First Wireless Pacemaker Fits Inside The Heart
Unlike a traditional pacemaker, which requires surgical insertion and involves hooking up lead wires, the Nanostim device is installed via a catheter and attaches directly to the heart muscle.
Kecia Lynn has worked as a technical writer, editor, software developer, arts administrator, summer camp director, and television host. A graduate of Case Western Reserve University and the Iowa Writers' Workshop, she is currently living in Iowa City and working on her first novel.
What's the Latest Development?
A California startup, Nanostim, has created a wireless pacemaker that is the first of its kind to be approved for sale in the European Union.
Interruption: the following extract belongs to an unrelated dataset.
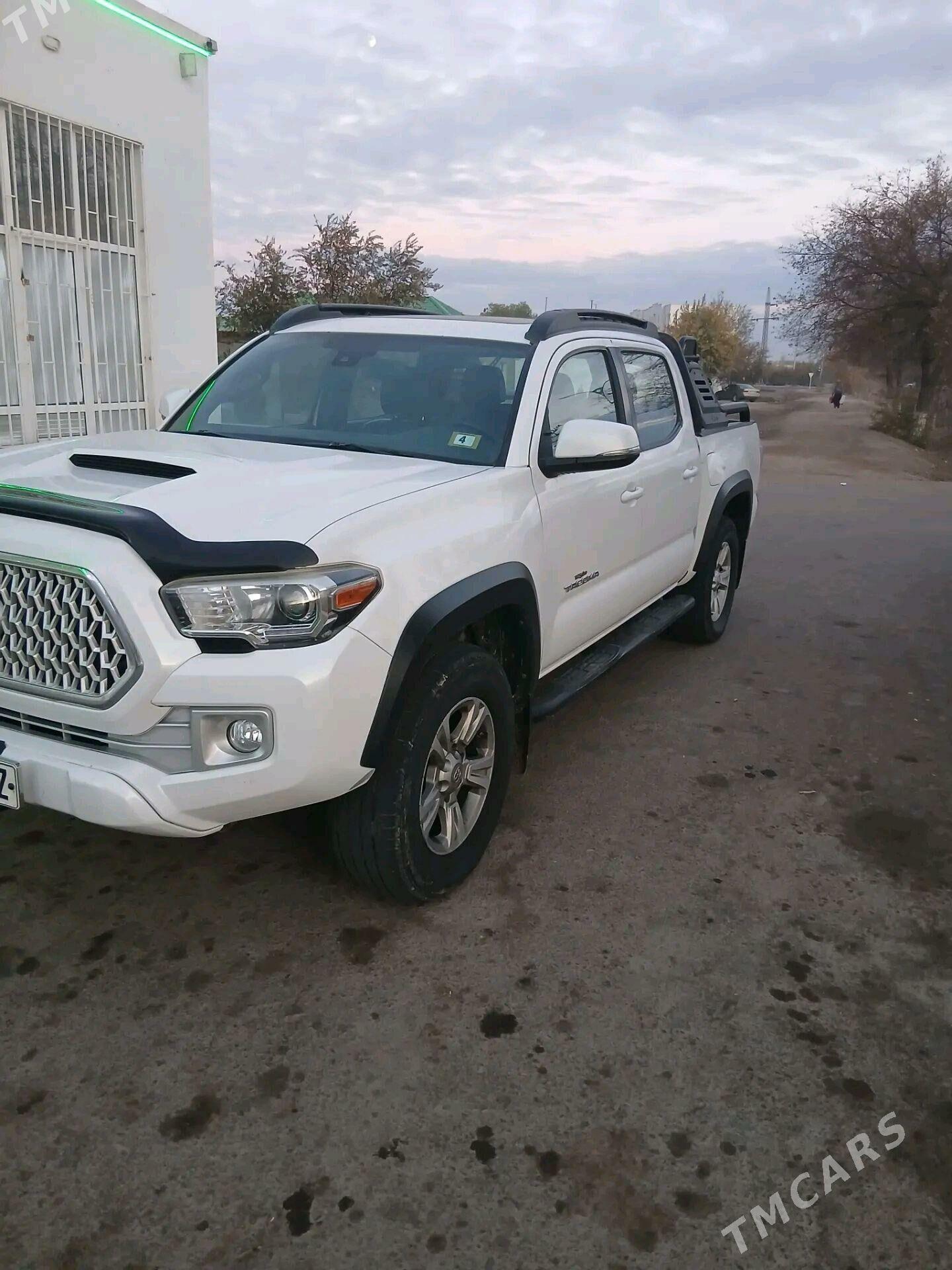 Toyota Tacoma 2021 - 380 000 TMT - Кёнеургенч - img 1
The tiny device -- "about the size and shape of a AAA battery" -- is inserted via a catheter that's threaded through the femoral artery, and is attached directly to the heart muscle where it can provide electrical stimulation. Nanostim was recently acquired by St. Jude Medical, which will put the device through more trials before submitting it for US Food and Drug Administration approval.
What's the Big Idea?
Over 4 million people around the world wear pacemakers to help regulate their heart rhythms, and 700,000 receive new ones each year. The Nanostim pacemaker can be inserted, removed, and replaced much more easily and quickly than a traditional pacemaker, which requires surgically opening a patient's chest. Also, the wires used to connect traditional devices to the heart muscle can move or fracture over time. Faulty wires have prompted recalls of some St. Jude Medical models in the past.